Washington Post editorial columnist Anne Applebaum ’86 and “Quills” screenwriter Doug Wright ’85 each received an award, which comes with a $10,000 cash prize. Applebaum was awarded in the general non-fiction category for her book “Gulag: A History.” Wright won the drama prize for “I Am My Own Wife.”
Applebaum said her time at Yale helped prepare her to write her book, which explores Soviet concentration camps.
“My senior thesis was about the Russian Revolution,” she said. “I entered Yale not knowing any Russian and I left being able to speak it. If I didn’t know Russian, obviously I wouldn’t have been able to write the book. I don’t think I would say everything I know about Russian history I learned at Yale, but it was certainly a foundation.”
Applebaum was afraid people might find the subject of her book “too obscure and too gloomy,” she said. She still is not sure whether many people will read the book, she said, but is happy to have the Pulitzer Committee’s approval.

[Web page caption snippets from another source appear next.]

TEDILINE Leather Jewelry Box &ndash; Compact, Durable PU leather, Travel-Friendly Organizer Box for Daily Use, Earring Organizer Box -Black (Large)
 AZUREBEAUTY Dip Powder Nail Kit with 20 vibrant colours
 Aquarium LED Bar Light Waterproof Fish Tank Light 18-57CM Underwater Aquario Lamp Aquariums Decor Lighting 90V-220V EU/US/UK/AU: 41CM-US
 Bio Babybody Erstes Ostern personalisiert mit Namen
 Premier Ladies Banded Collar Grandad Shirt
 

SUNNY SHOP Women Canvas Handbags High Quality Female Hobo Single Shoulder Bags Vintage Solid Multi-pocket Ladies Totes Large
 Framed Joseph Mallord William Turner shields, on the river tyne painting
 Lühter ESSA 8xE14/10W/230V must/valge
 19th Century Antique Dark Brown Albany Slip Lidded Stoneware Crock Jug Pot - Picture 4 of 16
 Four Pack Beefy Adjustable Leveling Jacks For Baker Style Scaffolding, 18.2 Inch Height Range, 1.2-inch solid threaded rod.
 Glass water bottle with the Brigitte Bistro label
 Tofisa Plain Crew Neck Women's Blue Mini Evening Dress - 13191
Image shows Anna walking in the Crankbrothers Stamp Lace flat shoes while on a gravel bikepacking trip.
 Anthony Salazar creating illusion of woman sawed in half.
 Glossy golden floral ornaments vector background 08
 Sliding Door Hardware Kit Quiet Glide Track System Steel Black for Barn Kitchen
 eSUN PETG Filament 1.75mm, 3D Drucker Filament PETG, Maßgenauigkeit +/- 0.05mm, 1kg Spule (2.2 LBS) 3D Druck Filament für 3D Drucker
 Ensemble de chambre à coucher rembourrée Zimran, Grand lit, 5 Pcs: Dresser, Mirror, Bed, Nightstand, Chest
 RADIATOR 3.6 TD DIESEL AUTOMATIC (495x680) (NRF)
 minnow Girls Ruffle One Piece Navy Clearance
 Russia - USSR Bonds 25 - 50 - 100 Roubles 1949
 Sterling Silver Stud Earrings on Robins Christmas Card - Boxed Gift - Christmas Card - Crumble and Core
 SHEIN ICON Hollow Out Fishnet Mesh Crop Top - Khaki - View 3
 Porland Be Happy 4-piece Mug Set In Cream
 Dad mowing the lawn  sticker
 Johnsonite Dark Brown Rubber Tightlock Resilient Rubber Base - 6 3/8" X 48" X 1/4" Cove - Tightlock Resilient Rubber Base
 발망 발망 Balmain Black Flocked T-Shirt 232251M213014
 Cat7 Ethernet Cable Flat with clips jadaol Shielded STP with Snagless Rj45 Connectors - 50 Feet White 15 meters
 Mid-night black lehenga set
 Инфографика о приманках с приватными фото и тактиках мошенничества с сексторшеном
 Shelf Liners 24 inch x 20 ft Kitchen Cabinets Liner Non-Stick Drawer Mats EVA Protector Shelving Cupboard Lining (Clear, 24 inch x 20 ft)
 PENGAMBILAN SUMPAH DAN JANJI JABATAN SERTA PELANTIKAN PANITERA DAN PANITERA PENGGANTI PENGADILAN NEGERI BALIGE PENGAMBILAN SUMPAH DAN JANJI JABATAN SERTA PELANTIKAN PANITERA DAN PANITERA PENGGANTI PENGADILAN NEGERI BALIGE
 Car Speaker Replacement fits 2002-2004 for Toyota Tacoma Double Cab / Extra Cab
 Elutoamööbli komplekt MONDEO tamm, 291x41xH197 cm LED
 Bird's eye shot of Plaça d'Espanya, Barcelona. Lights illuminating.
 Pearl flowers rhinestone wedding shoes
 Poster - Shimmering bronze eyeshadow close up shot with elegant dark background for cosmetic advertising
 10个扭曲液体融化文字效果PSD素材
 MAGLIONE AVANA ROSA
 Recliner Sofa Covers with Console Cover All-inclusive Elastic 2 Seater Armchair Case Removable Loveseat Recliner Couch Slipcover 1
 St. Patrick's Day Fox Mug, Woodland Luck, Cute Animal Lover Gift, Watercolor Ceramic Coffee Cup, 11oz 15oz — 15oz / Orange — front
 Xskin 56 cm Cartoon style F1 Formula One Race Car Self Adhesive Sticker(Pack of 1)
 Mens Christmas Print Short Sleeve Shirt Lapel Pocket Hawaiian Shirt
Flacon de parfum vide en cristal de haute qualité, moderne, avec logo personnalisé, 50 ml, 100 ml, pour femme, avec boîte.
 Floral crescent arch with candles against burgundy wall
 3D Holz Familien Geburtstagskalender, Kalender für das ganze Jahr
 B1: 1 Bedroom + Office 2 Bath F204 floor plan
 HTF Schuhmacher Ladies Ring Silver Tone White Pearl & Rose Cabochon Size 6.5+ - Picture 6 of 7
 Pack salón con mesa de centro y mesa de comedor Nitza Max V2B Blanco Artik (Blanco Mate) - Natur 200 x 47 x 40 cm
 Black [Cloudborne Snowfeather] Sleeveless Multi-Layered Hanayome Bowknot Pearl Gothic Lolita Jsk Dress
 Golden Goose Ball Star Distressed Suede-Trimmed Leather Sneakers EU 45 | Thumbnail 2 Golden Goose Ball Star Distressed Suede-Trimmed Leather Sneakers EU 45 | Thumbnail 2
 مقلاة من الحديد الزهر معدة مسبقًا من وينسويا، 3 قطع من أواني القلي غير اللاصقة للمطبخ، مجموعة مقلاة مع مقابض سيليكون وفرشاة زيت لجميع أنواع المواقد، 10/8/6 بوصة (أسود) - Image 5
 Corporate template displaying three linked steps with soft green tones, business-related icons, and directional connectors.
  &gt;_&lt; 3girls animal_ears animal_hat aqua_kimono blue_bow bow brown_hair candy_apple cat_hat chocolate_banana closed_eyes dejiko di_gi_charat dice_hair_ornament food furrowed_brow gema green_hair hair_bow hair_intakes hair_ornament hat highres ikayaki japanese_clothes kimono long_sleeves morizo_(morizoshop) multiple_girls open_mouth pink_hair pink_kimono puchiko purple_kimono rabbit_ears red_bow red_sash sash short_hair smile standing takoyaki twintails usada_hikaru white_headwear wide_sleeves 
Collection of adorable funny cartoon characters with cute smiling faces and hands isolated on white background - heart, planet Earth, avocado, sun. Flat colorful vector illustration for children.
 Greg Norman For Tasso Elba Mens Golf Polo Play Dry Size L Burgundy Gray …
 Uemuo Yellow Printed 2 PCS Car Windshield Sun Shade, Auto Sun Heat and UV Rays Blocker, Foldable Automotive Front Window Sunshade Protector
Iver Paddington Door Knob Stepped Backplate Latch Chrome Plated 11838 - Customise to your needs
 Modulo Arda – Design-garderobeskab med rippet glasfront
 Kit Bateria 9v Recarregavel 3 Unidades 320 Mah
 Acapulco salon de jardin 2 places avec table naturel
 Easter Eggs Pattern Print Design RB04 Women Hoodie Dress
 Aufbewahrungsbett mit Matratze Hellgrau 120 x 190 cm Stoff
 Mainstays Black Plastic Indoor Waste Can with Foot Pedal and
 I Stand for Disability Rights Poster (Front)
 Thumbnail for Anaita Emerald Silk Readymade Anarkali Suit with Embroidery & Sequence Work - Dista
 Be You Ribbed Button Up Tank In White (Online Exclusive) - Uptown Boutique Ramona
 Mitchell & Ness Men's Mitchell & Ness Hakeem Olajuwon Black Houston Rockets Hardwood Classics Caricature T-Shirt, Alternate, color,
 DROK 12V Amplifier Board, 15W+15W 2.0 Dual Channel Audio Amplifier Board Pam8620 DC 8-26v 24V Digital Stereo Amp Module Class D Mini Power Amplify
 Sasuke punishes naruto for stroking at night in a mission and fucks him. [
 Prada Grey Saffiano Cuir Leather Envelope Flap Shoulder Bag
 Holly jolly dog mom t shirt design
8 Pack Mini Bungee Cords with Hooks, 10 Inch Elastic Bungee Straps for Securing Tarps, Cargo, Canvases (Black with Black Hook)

She did not know if news of the award would help her book’s sales, but she is glad the honor brings recognition to the subject, she said. Another 2004 Pulitzer Prize honoree, William Taubman, who won for his biography “Khrushchev: The Man and His Era,” addressed a similar time period in his work. Applebaum said she hopes more books addressing the Soviet era will be published soon.
“We’re finally seeing the fruit of the work people have been doing in the archives, and it’s great,” Applebaum said. “It really changes what we know about the history of the Soviet Union.”
Wright, whose play tells the story of a German transvestite during World War II and the years following, could not be reached for an interview Monday.
Applebaum visited Yale to deliver a master’s tea and a lecture in November 2003 under the Eustace D. Theodore ’63 Fellowship Program. The fellowship, which is underwritten by the class of 1963, provides sponsorship alumni visitors who “made curious use of a Yale education,” Executive Director of the Association of Yale Alumni Jeff Brenzel said.
Brenzel said he had been excited to bring Applebaum to campus after hearing about her book.
“When her book came out, I called around to some folks on campus, and their response was immediate. They said this was a really superb book on a topic that’s hard to address,” Brenzel said.
During her visit, Applebaum was also impressed — with the changed look of the Yale campus.
“I was impressed with how wonderful the University looked. All the colleges were fixed up,” Applebaum said. “Everything was so beautiful and the people looked so healthy.”
Applebaum was also impressed with Yale students’ knowledge of Soviet history and said it was “certainly more than the general population’s.”
Each spring, Pulitzer Prizes are awarded in up to 14 journalistic categories that include writing, cartooning and photography and in up to seven literature and drama categories. Prize committee board members vote on the finalists and recipients.